Que nas FFAAs não há conivência ou contentamento com o que se passa no País, eu continuo fazendo força para crer, pois me custa aceitar que companheiros que passaram pelas mesmas escolas de formação e fizeram os mesmos juramentos em prol da Pátria possam, um dia, vir a mudar as cores de seus uniformes. Que nosso Exército deixe de ser o braço forte e a mão amiga para se tornar o braço forte e a mão opressora, como em todos os países admiradores da foice e do martelo.

Colocar nas costas do povo a responsabilidade por adquirir novas ATITUDES e VALORES e, a partir deles, escolher caminhos virtuosos para construção de uma nova sociedade com esse maiúsculo, é, a meu ver, uma desculpa esfarrapada e uma exigência inviável de brotar do nada. [sobretudo se a formação da consciência de cidadania fica a cargo de instituições contaminadas - igrejas, escolas, família e mídia - a partir dos seis anos de idade] , Temos hoje um País com uma das piores distribuições de renda do mundo, com mais da metade da população praticamente abaixo da linha da pobreza, nunca tivemos uma sociedade tão inculta, com tantos analfabetos funcionais e onde a esquerda, mesmo durante os governos militares, investe numa sistemática doutrinação e lavagem cerebral das pessoas desde a infância e numa dependência fisiológica através das diversas bolsas esmolas praticadas pelos governos.

Adquirir novas ATITUDES e VALORES, é fundamental acho que todos concordamos, mas isso só será viável a médio e longo prazo, como fruto de uma mudança radical em todo o processo de ensino atualmente em vigor e totalmente aparelhado, de cima a baixo, desde o nível fundamental ao superior. Quem fará essas mudanças? E até a colheita dos frutos, como serão os dias da nação? Será que tudo se imobiliza até o bolo ficar pronto? O País precisa de um tratamento de choque, rápido, eficaz e de curta duração, para então colocarmos homens de bem e patriotas no controle do leme.

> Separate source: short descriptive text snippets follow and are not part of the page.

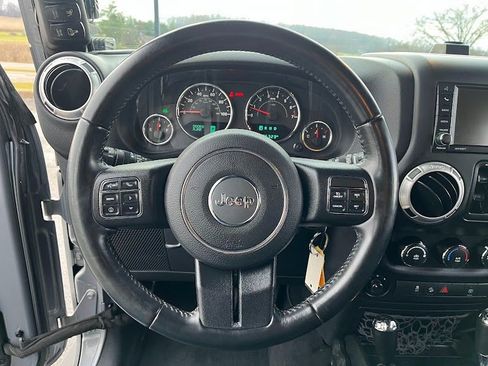 Used 2017 Jeep Wrangler Unlimited Rubicon w/ Connectivity Group image 12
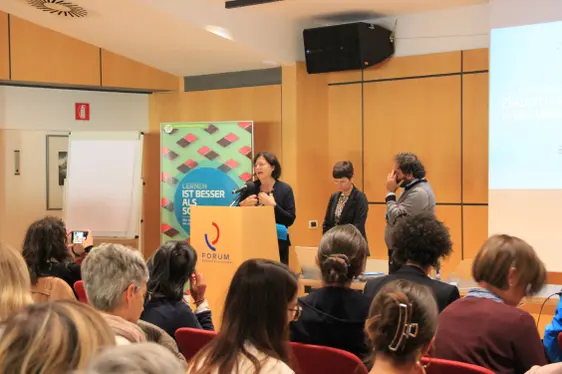 Eröffnung Anika Michelon Donatella Richetto e Luca Bizzarri (Foto: LPA/Amt für Weiterbildung und Sprachen)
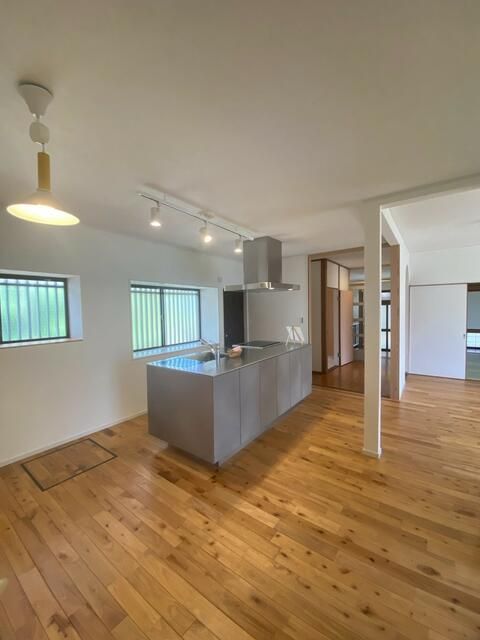 3LDK House for Sale in Nakama City, Fukuoka with 364 sqm Land - Thumbnail 2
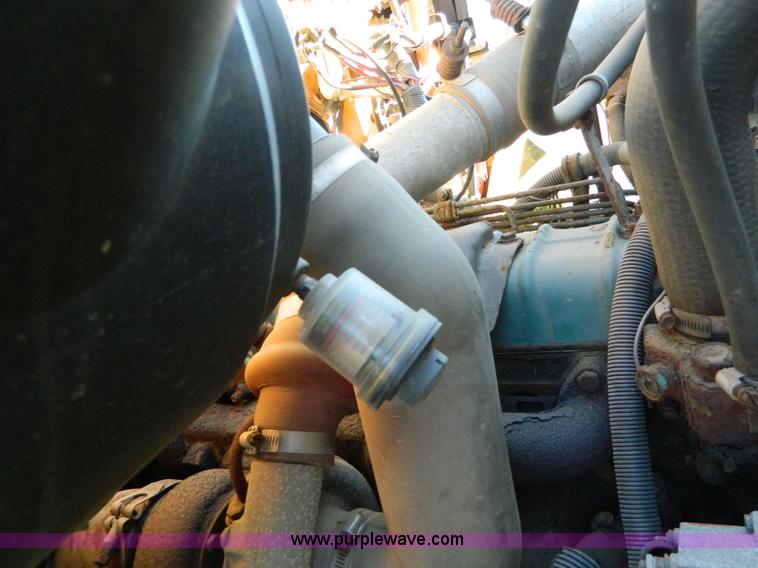 image for item H2388 1993 International 4700 dump truck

Me causa espécie ver o imobilismo que impera nas três forças. Será que vocês, companheiros da reserva, e eles, da ativa, conseguem, ainda, ver um mar de rosas onde muitos outros brasileiros, veem só areia movediça engolindo tudo que ainda resta de bom na sociedade? A corrupção sistêmica não é o foco do problema, mas apenas a ponta do iceberg, estabelecida como parte da estratégia de cooptação de “inocentes úteis” e forma de subsidiar o verdadeiro plano de ocupação bolivariana do poder sob a cartilha gramscista do Foro de São Paulo.

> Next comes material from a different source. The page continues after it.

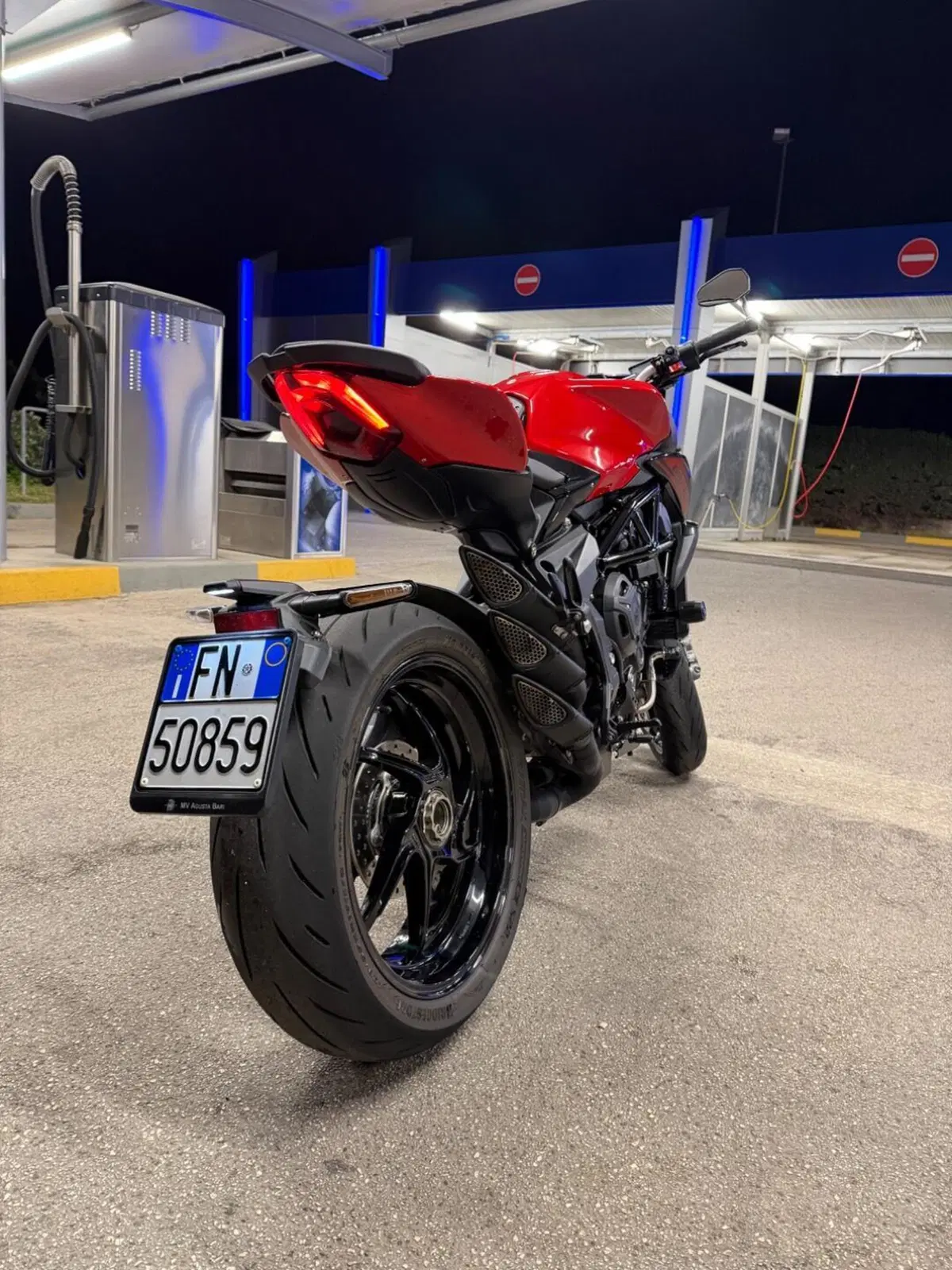 MV Agusta Brutale 800 R (2023 - 25) (4)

A meu ver, só uma intervenção cirúrgica de assepsia seria capaz de unir o povo, artificialmente dividido e patrulhado, e fazê-lo participar, com afinco e patriotismo, da reconstrução do País. A ação não deve ter objetivos de permanência no poder, mas tão somente de restabelecer as condições mínimas para convocar, o quanto antes, uma eleição geral que seja confiável, sem vícios e que o povo tenha apenas candidatos ficha limpa para escolher. Do contrário, nada mudará, a longo nem a longuíssimo prazo, afinal nosso Brasil luta há mais de 500 anos para vencer os entraves de se tornar uma nação de primeira grandeza mesmo sendo o País que está sentado sobre as maiores riquezas naturais do planeta.

Colocar todas as fichas num jogo eleitoral a ser jogado nas regras, no campo e com os juízes escolhidos pelos adversários, é colocar o destino do País em um altíssimo risco de descer de vez a ladeira e sem qualquer chance de recuperação. Analisar e ponderar diferentes cenários é fundamental e aqueles que só veem e lutam por uma solução “politicamente correta” serão os principais responsáveis pela grande derrocada e eu não me permito ficar omisso porque não quero dividir essa mancha na biografia que espero deixar para meus descendentes. Ainda há tempo de evitar o desastre e, como brasileiro, espero que o texto sirva para reflexão dos que detêm o poder de mudar a trajetória do barco, que ruma sem direção e desgovernado.